Thursday, March 31, 2011
A Recent Questionnaire
Recently this article about me was in our Cambridge newspaper. Thought you might like to get to know me better.
TERRY L. WHITE
1. Tell us about yourself.
a. Where do you live? I have lived in Cambridge for 18 years.
b. Where are you from? I was born in Schenectady, NY. I was raised in the Appalachian mountains of northern Pennsylvania.
c. Anything noteworthy about your family that we should know? Mom died when I was five and I was the eldest child so I had to grow up fast. My father told me on his deathbed that we were Mohawk Indians. It was a big family secret. The native culture fascinates me, and it may be a factor in my fascination with beads and beading.
d. In what medium do you work? Life. I will try anything. Probably I am best known as a writer, but I have been a musician and worked in string and square dance bands on bass, rhythm guitar and vocalist. I make bead, sea glass and wire jewelry, and soft sculpture dolls. I paint a little.
e. What is important about you that people may not know? I grew up in Appalachia, the eldest of eight children. We were pretty poor and learned not to waste anything that came to hand. I think that sort of situation allows one to see the potentialities in leftovers, throwaways and natural materials. Dad wanted us to succeed – he bought Encyclopedia Britannica when I was about 12. I think I read all of it.
2. Tell us about your work.
a. What brought you to recognize your artistic talent? I found an essay I wrote in my grandfather’s wallet after he died. I believe he wanted me to see that I had some talent for writing. He left me a Hogarth print of a stack of books and a violin, all of which became elements in my life as the years went on – I always thought it was a message. He was a very spiritual person.
b. What were you doing when you first realized that you could paint/sculpt/etc. My father would paste our drawings on masonite board and cut them up into jigsaw puzzles for us to play with. He saw our work as valuable, so it was.
c. What life experience(s) have most affected your art? Everything in my life contributes to my writing. I have supported the craft for many years through various sorts of employment. The rest of my artistic output is busy work: things I do when not working at my writing. I have published 17 books and always have a couple of projects in the works. Everything that happens is interesting. The way people speak is music.
d. Do you still have some early work that you keep as reminders of the past? There are some old manuscripts hanging around. Some of the work was pretty bad, but I guess I got enough encouragement to keep going on.

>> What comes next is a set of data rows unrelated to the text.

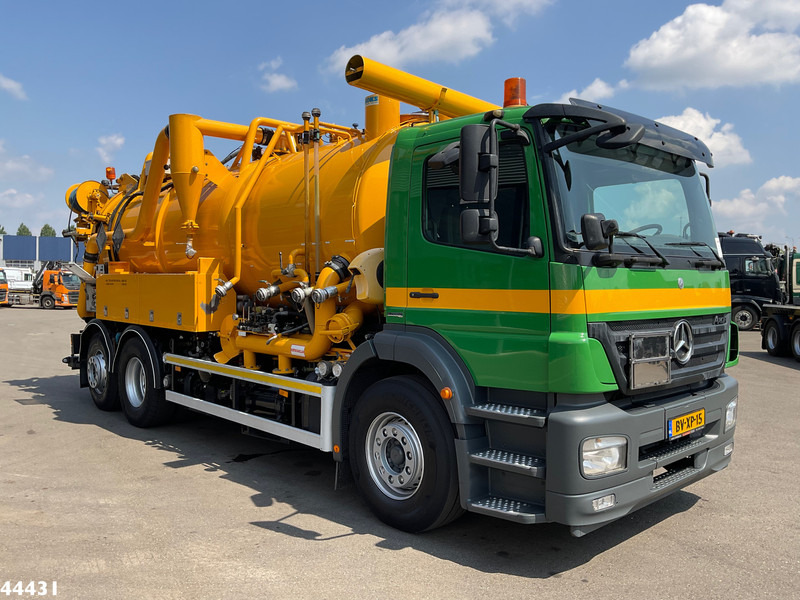Mercedes-Benz AXOR 2533 Euro 5 Koks Combi - شاحنة الشفط: صورة 5 Mercedes-Benz AXOR 2533 Euro 5 Koks Combi - شاحنة الشفط: صورة 5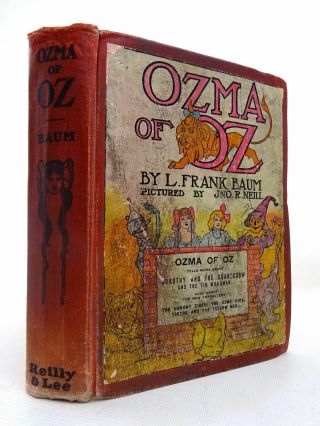 Ozma Of Oz - Baum,  L.  Frank.  Illus.  By Neill,  John R.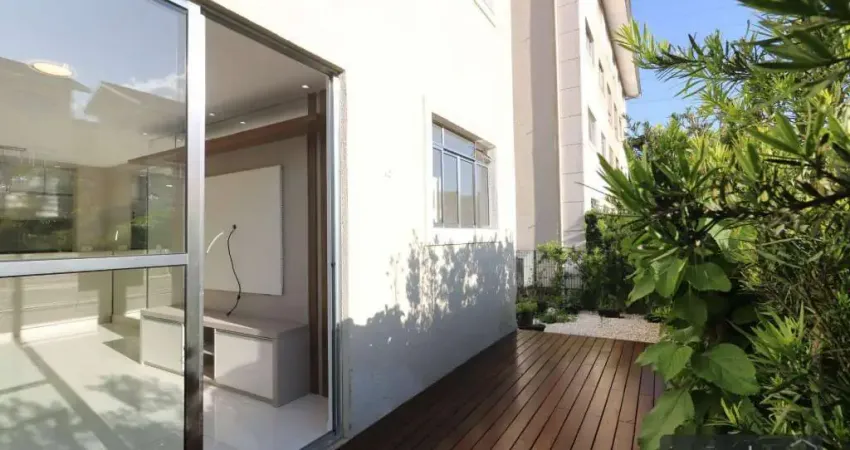 Apartamento garden com 2 quartos para alugar, 68 m² por r$ 2.300/mês - santa quitéria - curitiba/pr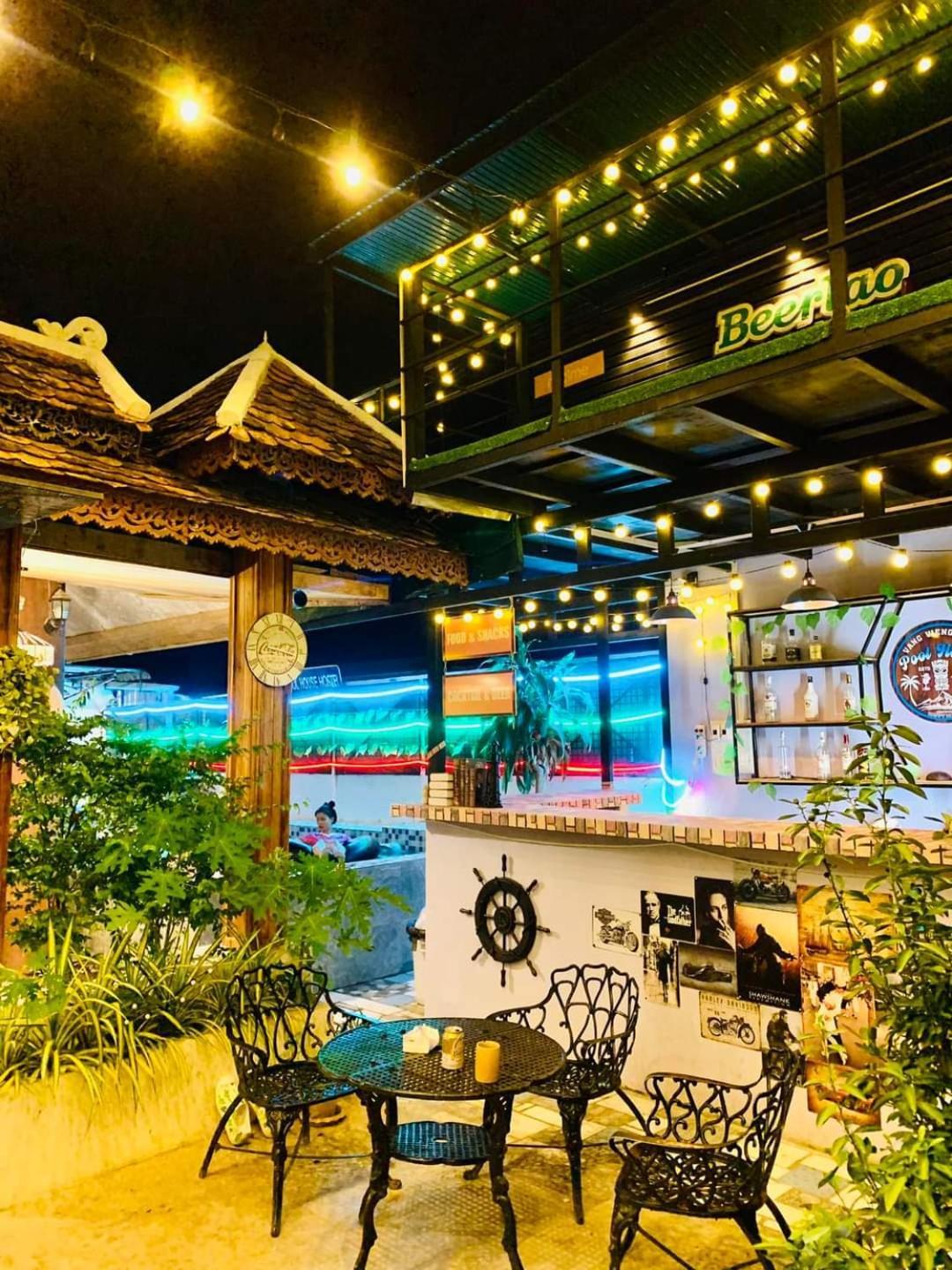 Vangvieng Pool House Hotel Vang Vieng Εξωτερικό φωτογραφία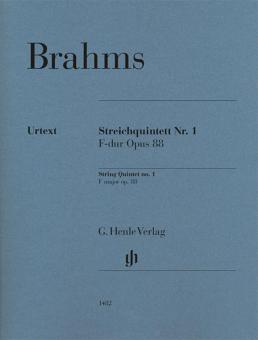 Streichquintett Nr. 1 in F-dur op. 88 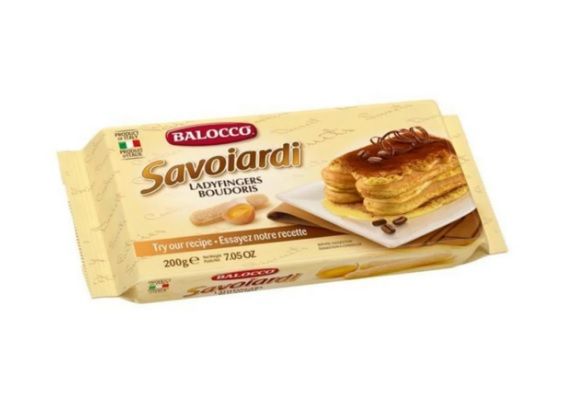 Balocco Savoiardi Kedi Dili 200 Gr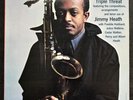 JIMMY HEATH/FREDDIE HUBBARD TRIPLE THREAT ORIG MONO RIVERSIDE   DG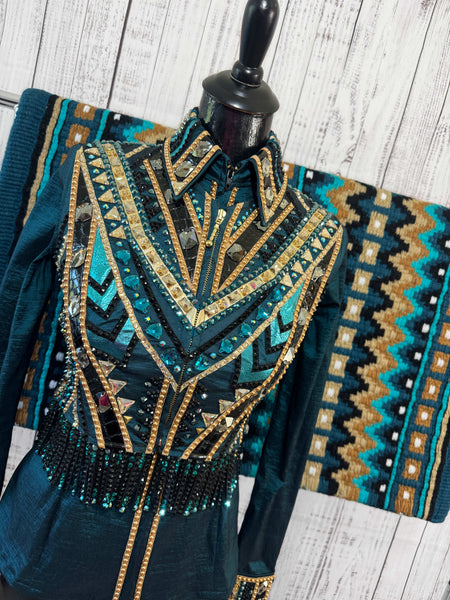 Diane Olsen Bolero Vest Set (XS/S)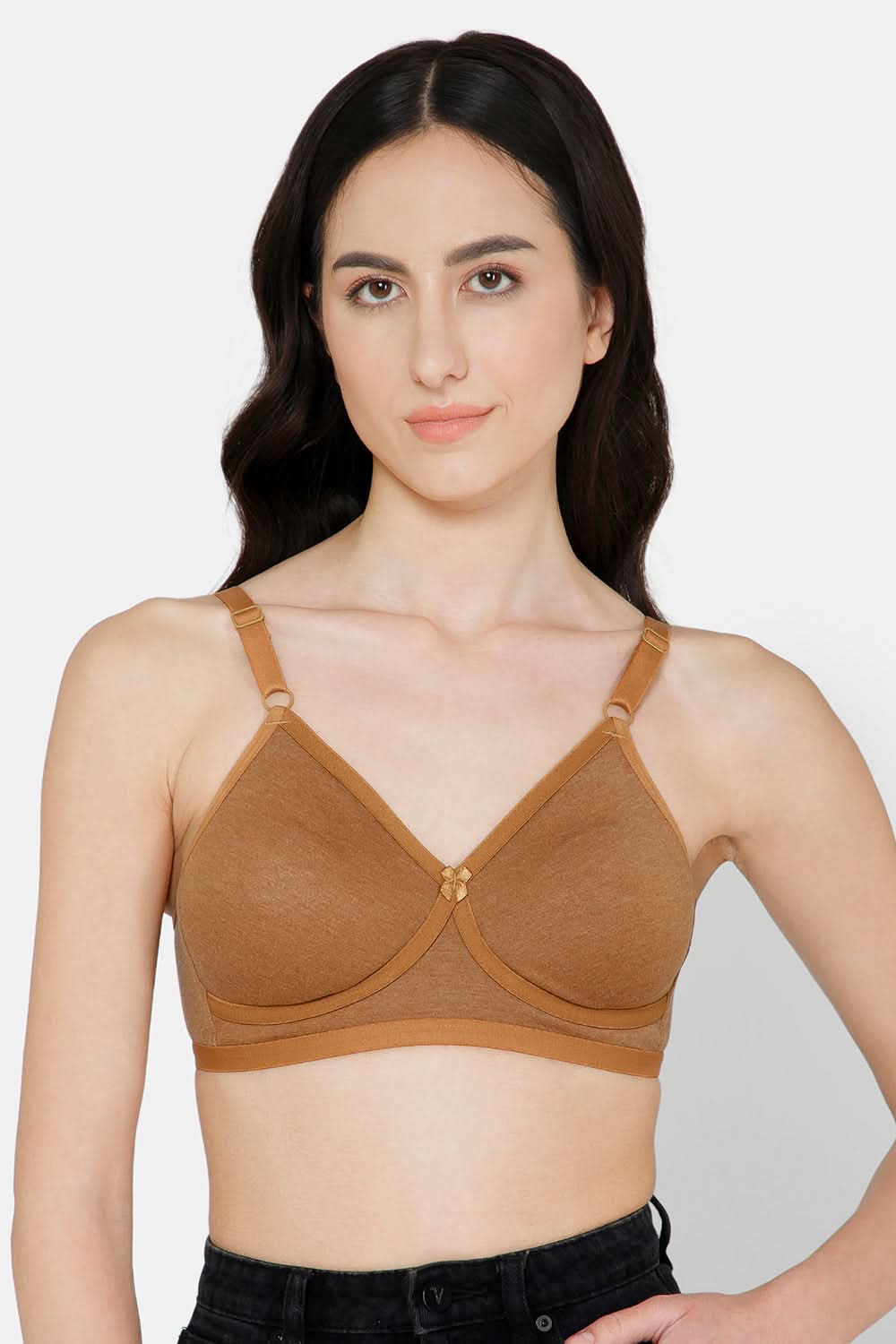 Classi Everyday T-Shirt Bra by Naidu Hall – High-Coverage Non-Wired Seamless Comfort for Daily Wear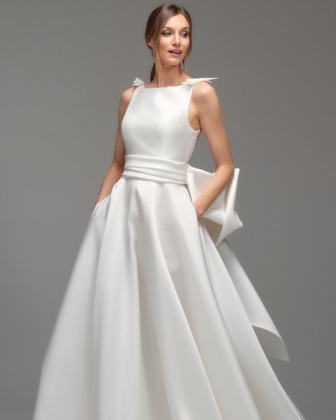 Abiti da sposa Maria Pia Creazioni 2026, Dragonfly è un inno alla leggerezza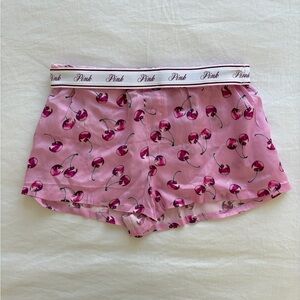 VS PINK Sleep Boxy Pajama Shorts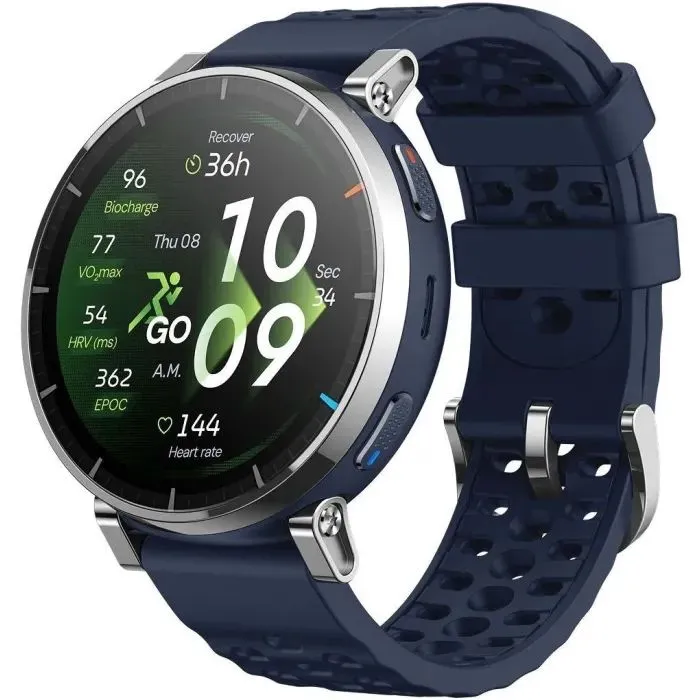 Смарт-годинник Amazfit Active 3 Premium Синій (W2559GL2N) - Image 1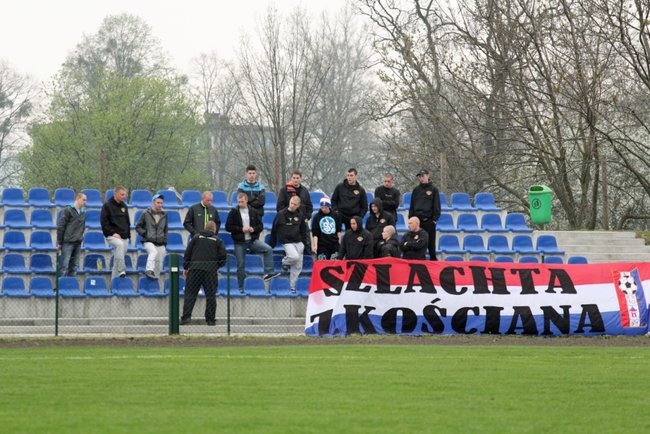 Awantura w czasie meczu - zdjęcia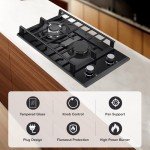 TopStrong 30cm 2-Burner Gas Cooktop with Safety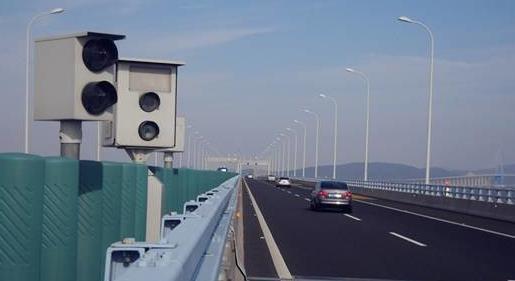 流动测速摄像头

I collected and burned a huge stack of rejection letters and have come to believe they did not mean ‘no.’ They meant ‘not now.’
e. What is your favorite piece and what does it mean to you? I think my Chesapeake Heritage books are my best work to date – there are five novels in the series. They follow the settlement of the Eastern Shore and Dorchester County from colonization to the end of World War 1 – the history of one plantation and the woman who lived on it, offering a more feminine view of the events and people who shaped the Chesapeake area. (Also of note is Runaway Hearts, a series of long poems based on the history of the area in verse. People seem to like that one – even though most will say they don’t like poetry. It was read on Radio for the Blind.)
f. What inspires you? What keeps you motivated? I have no idea. There seem to be triggers that set off a project. I hope I am awake when the call comes and then I just sort of hang on for the ride.
g. How do you see your work in the world around you? I think my novels hold a lot of truth. Most people won’t buy a history book, but they will read novels and they identify with people who struggle for one reason or another. I know I learned a lot about people, history, and life from the novels I read, especially when I was a child.
h. What about your work benefits others? All of my heroines are strong women who did not give up under adverse situations. They all find happy endings, but not until they realize they must shape their own history and world and that the wine and roses scenario is often not what love is in expression.
3. Tell us about the future.
a. What are your artistic goals? I just want to keep writing and see what happens next. Of course, I would like to be noticed, but the world is full of writers hooked into technology. Anyone can get published without doing much work – especially if they have the funds to pay for promotion. “Paying your dues” is a whole new story for the publishing industry these days.
b. What do you expect to be happening in your “art life” x number of years from now? I try to live in the now – the future is a flighty bitch.
c. Tell us about your relationship with your community and/or with other artists? I belong to the Wednesday Morning Artists and have belonged to various writers’ groups, but I am not sure they are helpful. The immortal storytellers pretty much all worked alone.
a. How would you like to see things progress art-wise in Cambridge/Dorchester County? I would like to see the area be a destination where people can come to see and purchase art. I would like to see more diversity in the populations offering art.
b. Do you have any advice for aspiring artists? Do the work! Editors do not check spelling and punctuation these days. There really are not any free rides. Support your art until your art can support you.
d. I have won awards for my journalism and for short fiction, but like any competition, it is not so much the excellence of your game but rather who shows up!